Project: “Emergence” – Public Art Sculpture
Funding Received: $20,000
A Caterpillar Trencher used in the building of the Alaska Highway has been transformed into a public art sculpture, titled “Emergence”. Emergence seeks to reflect the history of the Peace-Liard’s Indigenous and non-Indigenous people and to emblemize a community moving together toward a deeper understanding of both.
The project provided a unique opportunity for artists in the community to work with internationally renowned Indigenous artist, Brian Jungen. The project brought together both Indigenous and non-Indigenous artists in a truly meaningful way, and the emphasis of indigenous perspective greatly strengthened the power of the sculpture. The aim was to use the historic artifact as a shared canvas where artists could express their individual experiences side by side. Emergence celebrates difference. The public art project has helped build relationships between communities, artists and the partnering organizations and indigenous groups.

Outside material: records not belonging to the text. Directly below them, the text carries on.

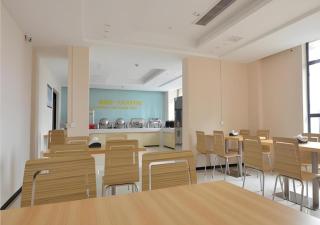 City Comfort Inn Huanggang Qichun Exhibition Center - Qichun - 4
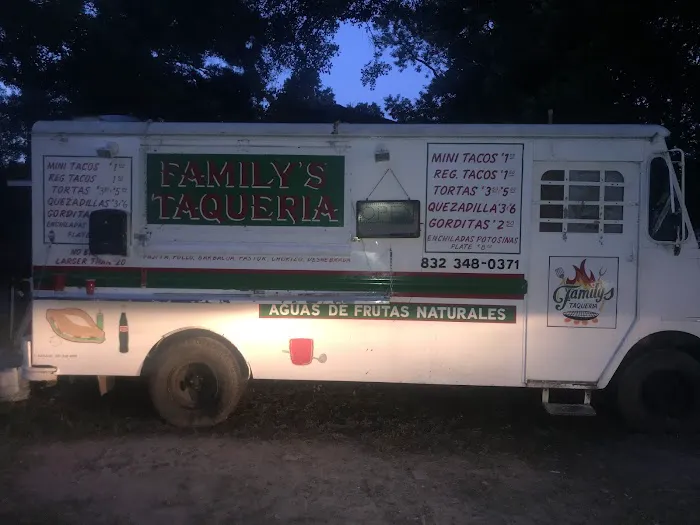 Family's Taqueria Picture 7
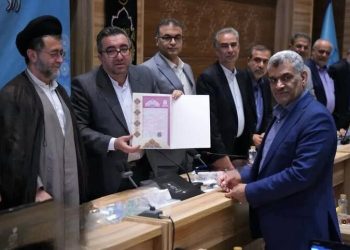 اسناد مالکیت تخت‌جمشید، باغ ارم، سد درودزن و دریاچه پریشان صادر شد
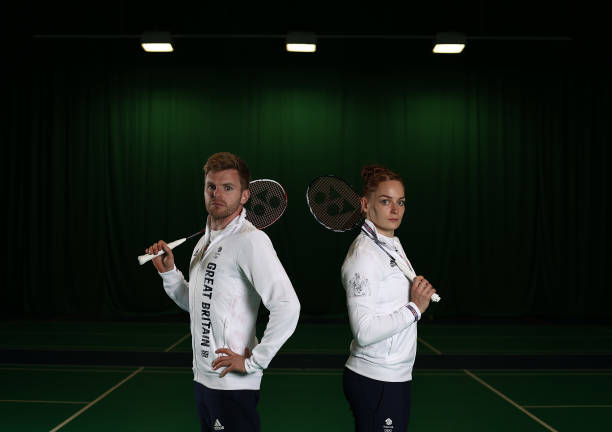 羽毛球比賽場景怎么畫？構(gòu)圖與動態(tài)感提升方法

“Emergence” is now permanently displayed at the National Alberta Railway (NAR) Park in Dawson Creek, BC, which also houses the Dawson Creek Art Gallery and The Dawson Creek Station Museum. It is a prime location, marking Mile Zero of the Alaska Highway. Northern Trails Historical Society partnered with the Peace Liard Regional Arts Council to apply for BC | Canada 150 funding, and with the City of Dawson Creek to provide a permanent location and in-kind contributions of site set-up and vegetation.
The public art project not only evokes the complex layers of history that grew out of this piece of machinery, but that it also highlights the idea of new growth and moving together in positive ways toward our collective future.
Emergence: displays several lines of poetry and quotes:
1. Translated from Cree, the following line expresses the experience of bulldozers coming through Indigenous camps: “Giant kettles are coming through the bush, and they leave a trail where nothing grows.”
2. Cut into the boom of the sculpture are lines from Helen Knott’s poem, “Dear Prime Minister: this poet has something to say to you about Indigenous rights.” The full poem, which was made into a video, can be viewed online here »
3. The following lines were written by Dean Mattson: “Am I integral or just turning a useless little wheel / Come see what pretty thing from ugliness grew.” From these provocative words, many meanings may emerge, depending on the unique perspectives and experiences of those who read them.